Instruction for the data below: set down exactly the lines from the line with "Car Sun Visor" to the line with "thumbnail image 3", inclusive, and no others.

Caption-style text data
-- Opening Marker --

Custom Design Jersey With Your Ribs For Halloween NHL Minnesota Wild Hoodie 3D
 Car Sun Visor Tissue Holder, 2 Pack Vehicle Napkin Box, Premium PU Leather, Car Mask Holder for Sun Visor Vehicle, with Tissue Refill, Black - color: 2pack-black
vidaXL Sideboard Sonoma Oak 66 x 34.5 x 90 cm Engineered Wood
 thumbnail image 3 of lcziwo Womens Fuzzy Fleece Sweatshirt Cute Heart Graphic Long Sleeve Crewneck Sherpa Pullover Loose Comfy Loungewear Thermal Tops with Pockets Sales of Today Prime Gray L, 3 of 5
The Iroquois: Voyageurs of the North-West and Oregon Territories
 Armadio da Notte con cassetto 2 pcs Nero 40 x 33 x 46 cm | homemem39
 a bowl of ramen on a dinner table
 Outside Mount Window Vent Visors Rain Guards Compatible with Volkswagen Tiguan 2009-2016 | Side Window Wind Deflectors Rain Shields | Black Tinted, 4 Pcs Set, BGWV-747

-- Closing Marker --

Reply -
 Car Sun Visor Tissue Holder, 2 Pack Vehicle Napkin Box, Premium PU Leather, Car Mask Holder for Sun Visor Vehicle, with Tissue Refill, Black - color: 2pack-black
vidaXL Sideboard Sonoma Oak 66 x 34.5 x 90 cm Engineered Wood
 thumbnail image 3 of lcziwo Womens Fuzzy Fleece Sweatshirt Cute Heart Graphic Long Sleeve Crewneck Sherpa Pullover Loose Comfy Loungewear Thermal Tops with Pockets Sales of Today Prime Gray L, 3 of 5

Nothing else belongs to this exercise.